The rally lost momentum during the day’s trading and despite the recent run up, helped by strong earnings from Apple Inc and Boeing Co, some technical indicators were flashing warning signs.

“The market gain has been built on a narrow group of issues. That typically is not indicative of great health,” said Mark Luschini, chief investment strategist at Janney Montgomery Scott in Philadelph­ia. “I would not be shocked ... if we saw a pullback.”

And with the Dow industrial­s at a record high, Dow theory suggests that the Dow Transporta­tion Average index should also hit a record in order to confirm the market’s march higher.

But that index trails the Dow industrial­s’ year-to-date performanc­e by almost 10 percentage points and is nearly 6 percent below its own July 14 record high.

Also, overall market breadth, or the number of winning stocks relative to losers, is weakening even as the major U.S. indexes hover near record highs.
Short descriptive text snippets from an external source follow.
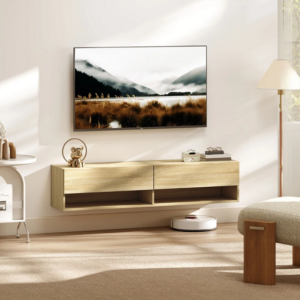 meuble-tv-suspendu-2-portes-abattantes-2-etageres-ouvertes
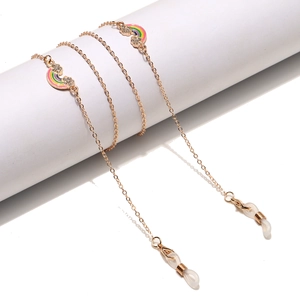 Rainbow Cloud Glasses Chain Rhinestone Copper Metal Non-Slip Eyewear Strap Fashion Face Mask Holder Golden Punk Style Women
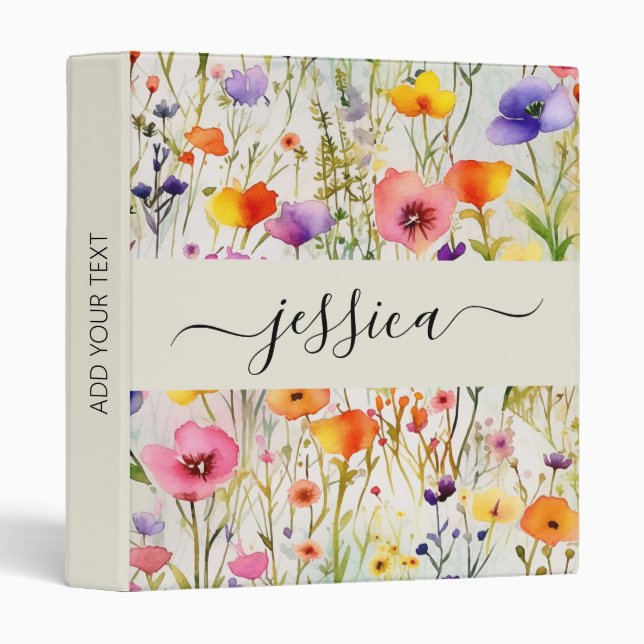 Elegant watercolor wildflowers script name 3 ring binder (Front/Spine)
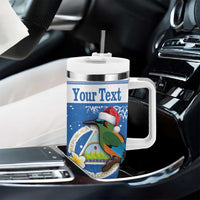 Personalized Nicaragua Christmas Tumbler With Handle Turquoise-Browed Motmot With Coat Of Arms - Wonder Print Shop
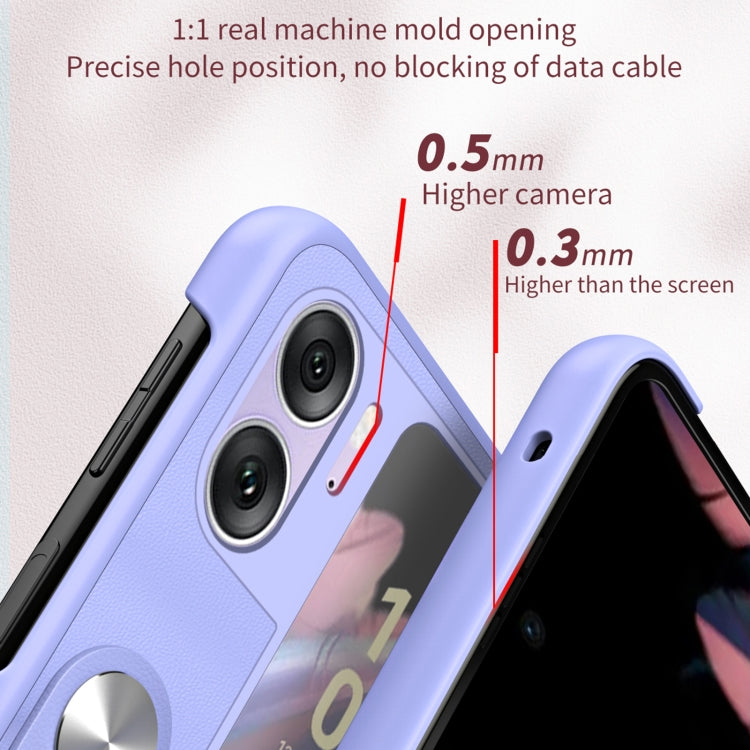 Purple leather-style phone case close-up showing camera openings and side cutouts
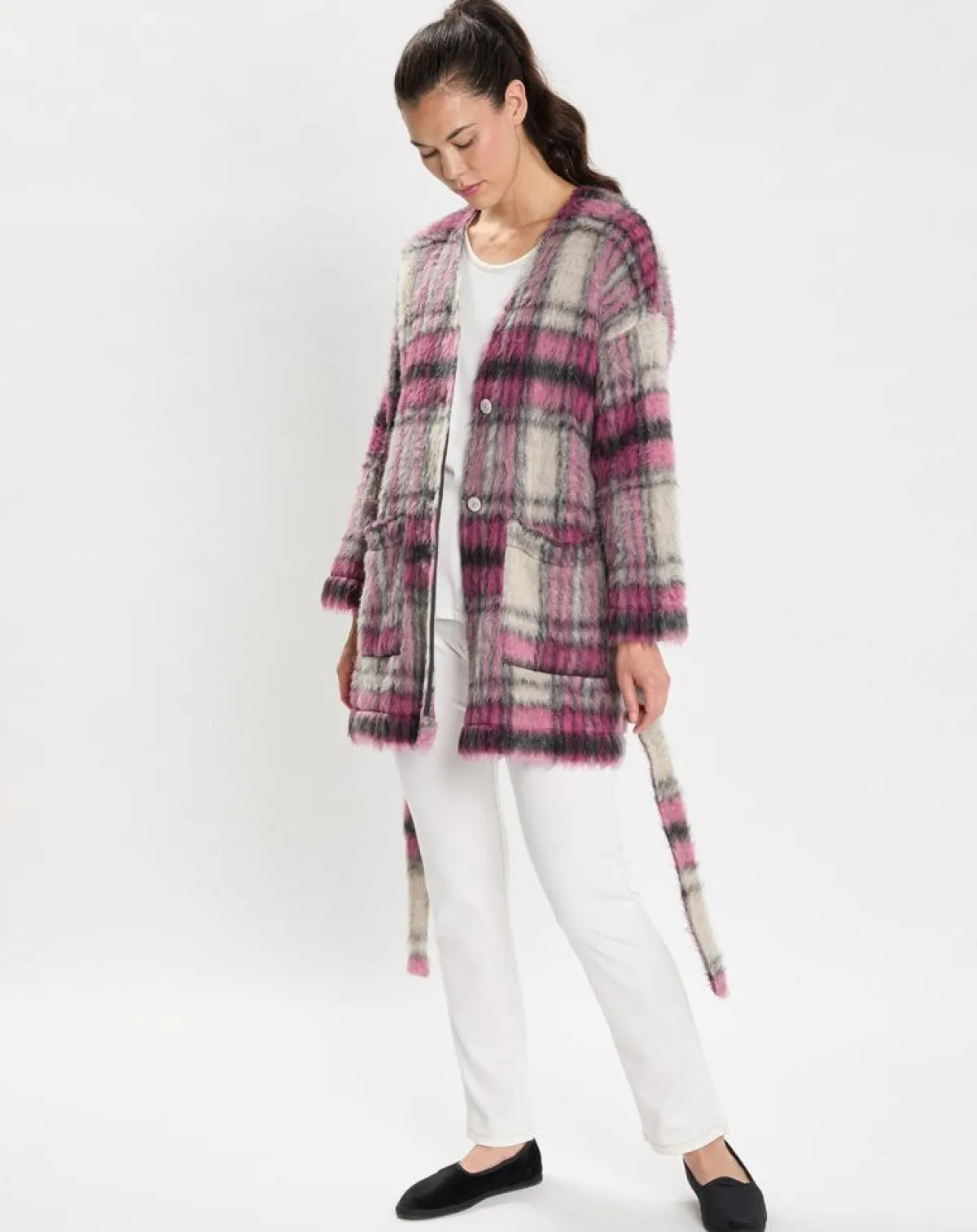 Le Chat Lingerie, Nuit|Veste en Laine & Mohair mélangés Ouate multicolore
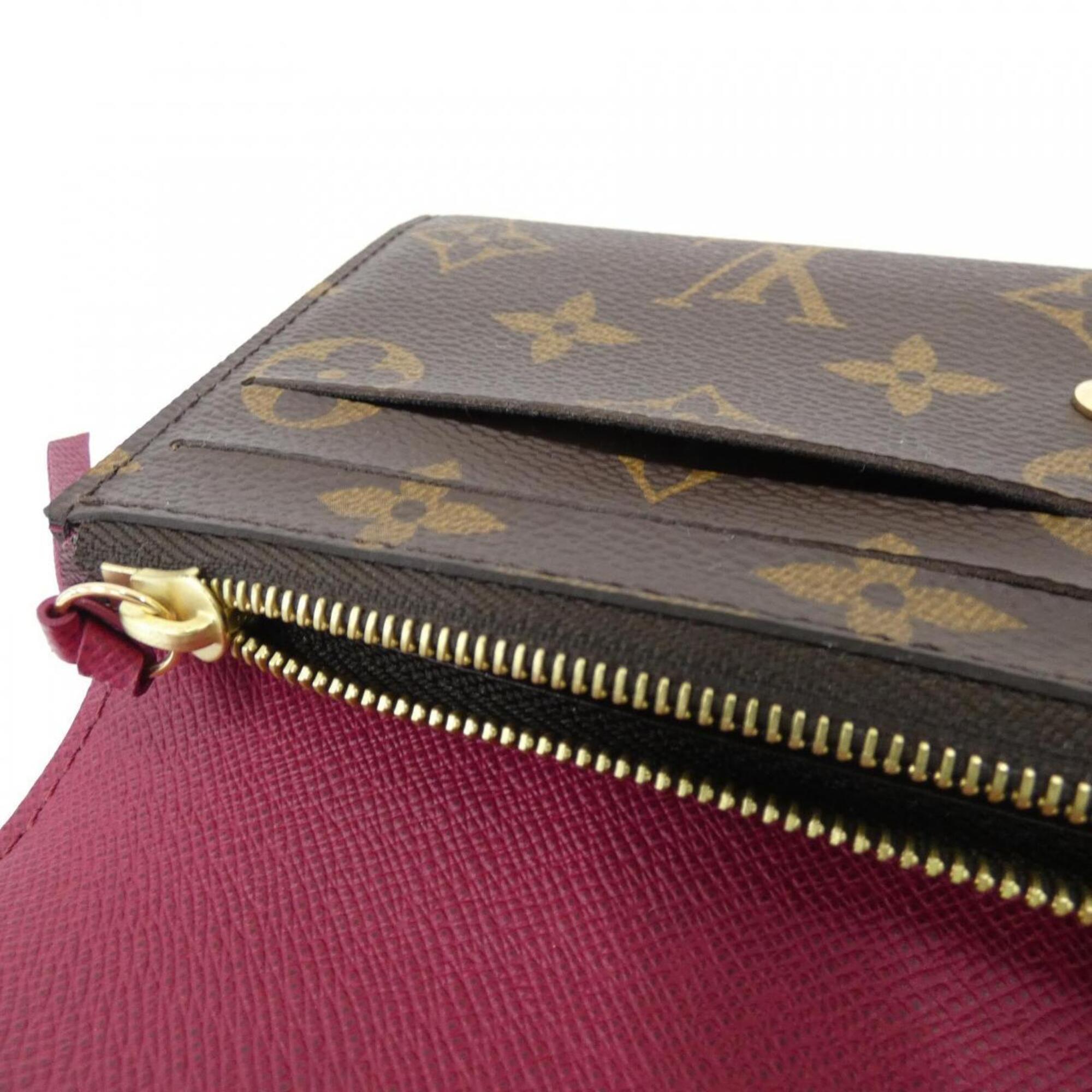 Louis Vuitton Brown Coated Canvas Long Wallet (Bi-Fold) (Pre-Owned)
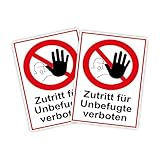2 Stück XXL Zutritt für Unbefugte verboten Schild 30 x 40cm aus stabiler PVC Hartschaumplatte 5mm mit UV-Schutz von STROBO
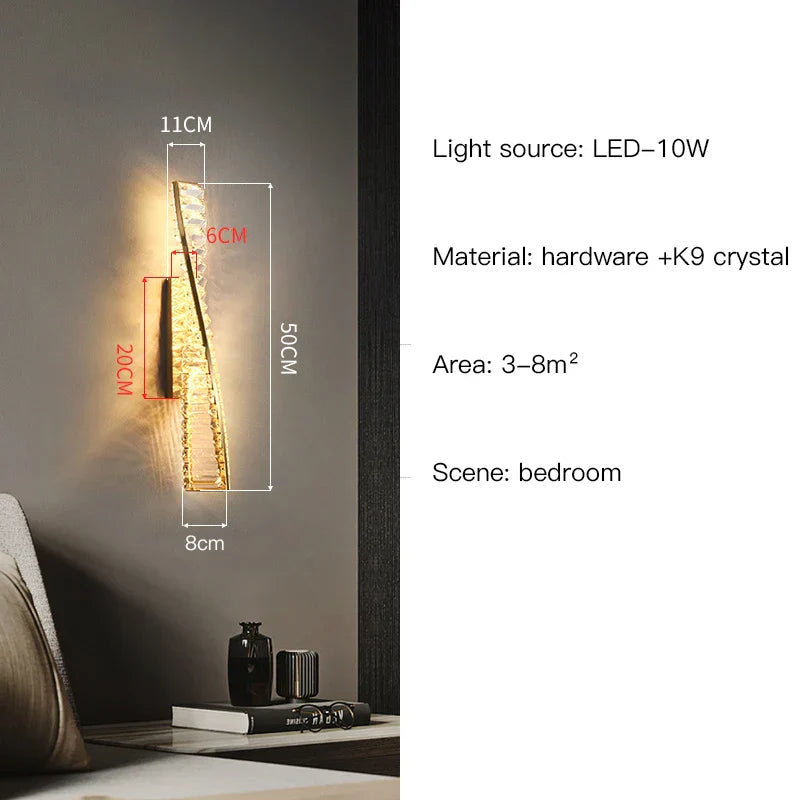 DecorBites™ Crystal Wall Sconce for Bedroom & Living Room Decor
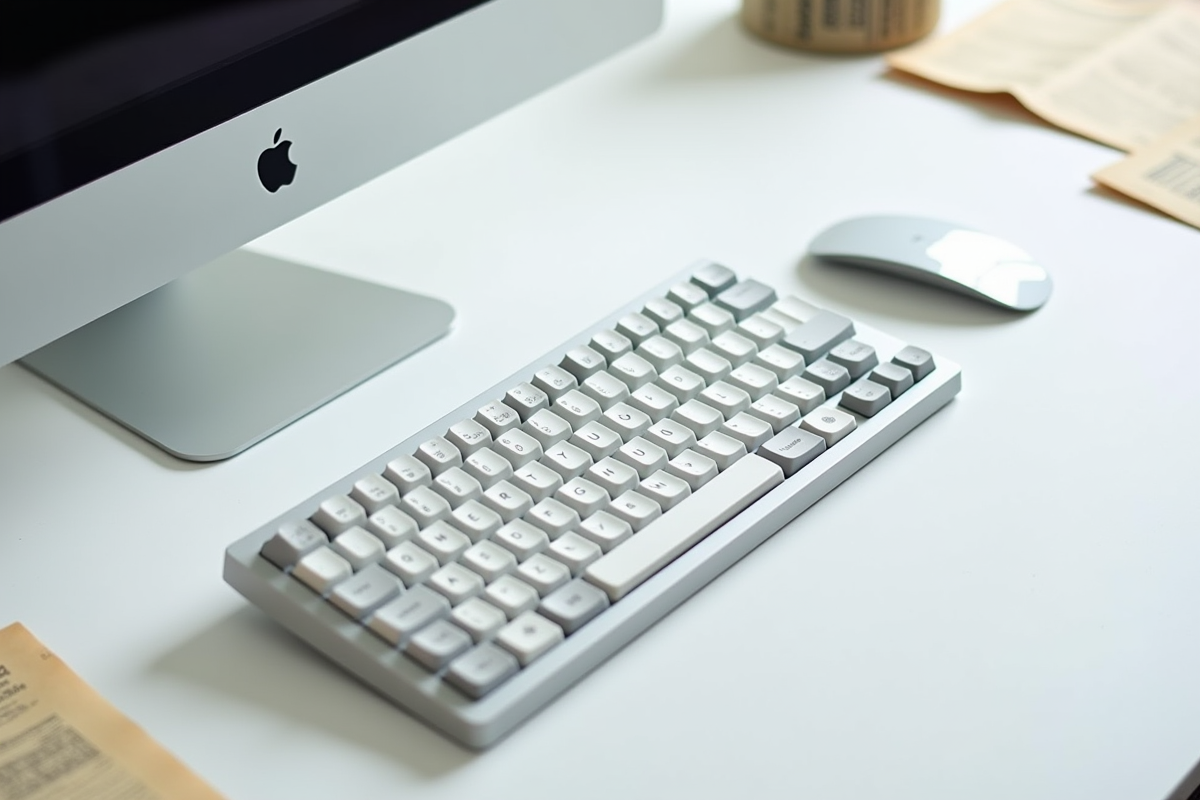 Clavier ordinateur moderne avec documents historiques et diagrammes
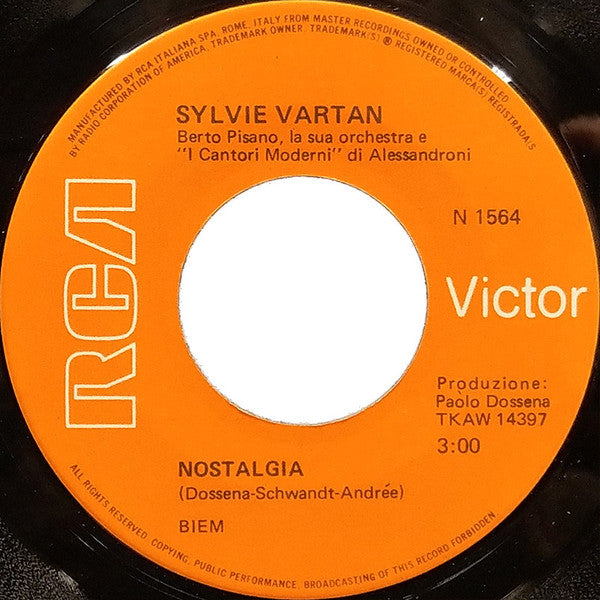 Sylvie Vartan : Irresistibilmente / Nostalgia (7")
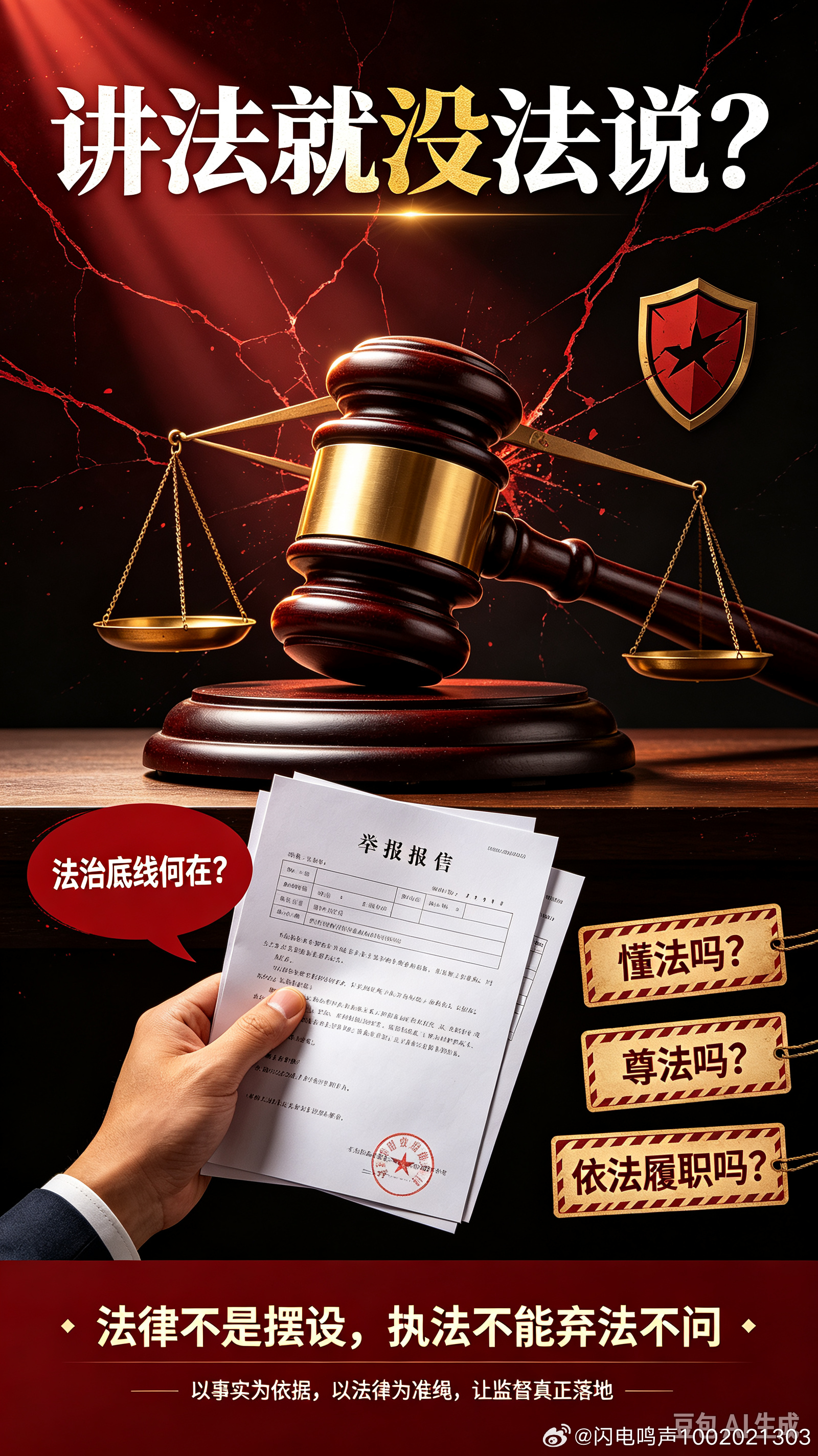 执法者言“讲法就没法说”，基层法治底线何在？
 
多年来，我长期遭受楼上邻里恶意噪音扰民的侵害，合法安居权益持续被践踏。我始终保持理性克制，坚持依法维权、依规求助，先后通过邻里沟通、物业协调、社区调解、110报警、政务平台投诉、市长信箱反馈及警务督察督办等多层渠道维权。全程事实清楚、证 ​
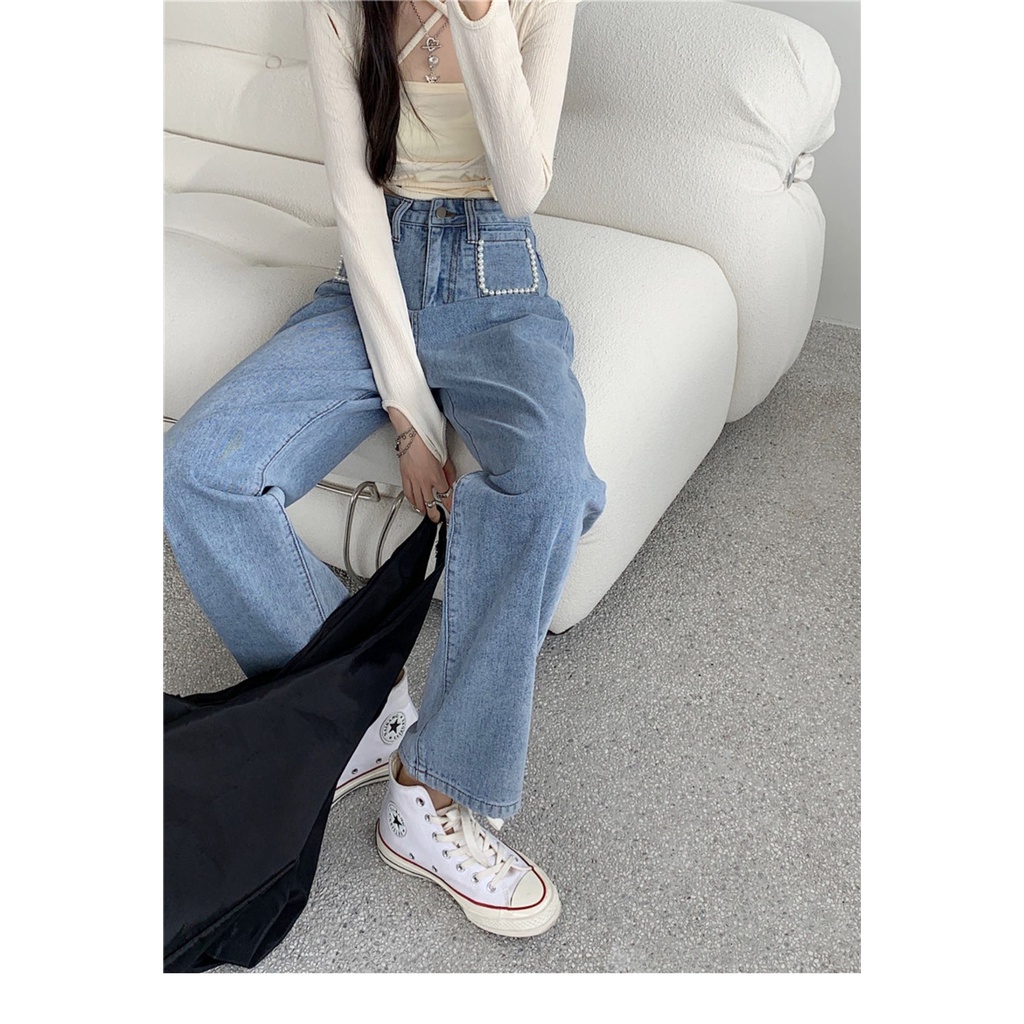 Korean Style Celana Jeans Highwaist Wanita Kekinian  Boyfriend Jeans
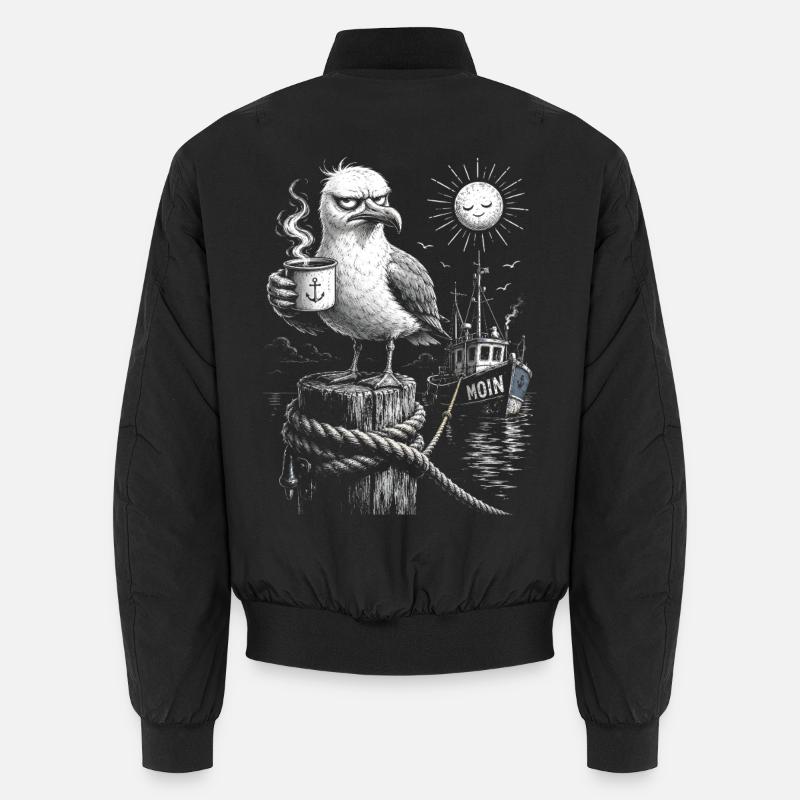 MOIN – Grummeliges Möwe mit Kaffee - Unisex Bomberjacke - Schwarz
That means the broad gains have been driven by advances in a declining number of companies, and market watchers fear they could be hard to sustain.

The number of 52-week lows among NYSE- and Nasdaq-traded stocks is at its highest since late June while the number of 52-week highs has dropped sharply since mid-July.

Apple, McDonald’s Corp and UnitedHeal­th Group Inc have each added more than 200 points to the index.

The Dow is a price-weighted index, meaning names like Apple, with its $157 price tag, and Boeing, which closed Wednesday near $238 per share, will generally have more of an influence over the index than components like the roughly $25 per share General Electric Co.

The lack of breadth as well as the underperfo­rmance by the Dow transports could be a signal that the market rally could be sputtering out, at least for now.

Julian Emanuel, executive director of U.S. equity and derivative­s strategy at UBS in New York, said the weakness of the S&P 500 and Nasdaq on Wednesday versus the strength of Apple shares showed an “underlying fatigue in the rally.”

The S&P 500 and Nasdaq Composite traded flat on Wednesday, even as Apple jumped nearly 5 percent.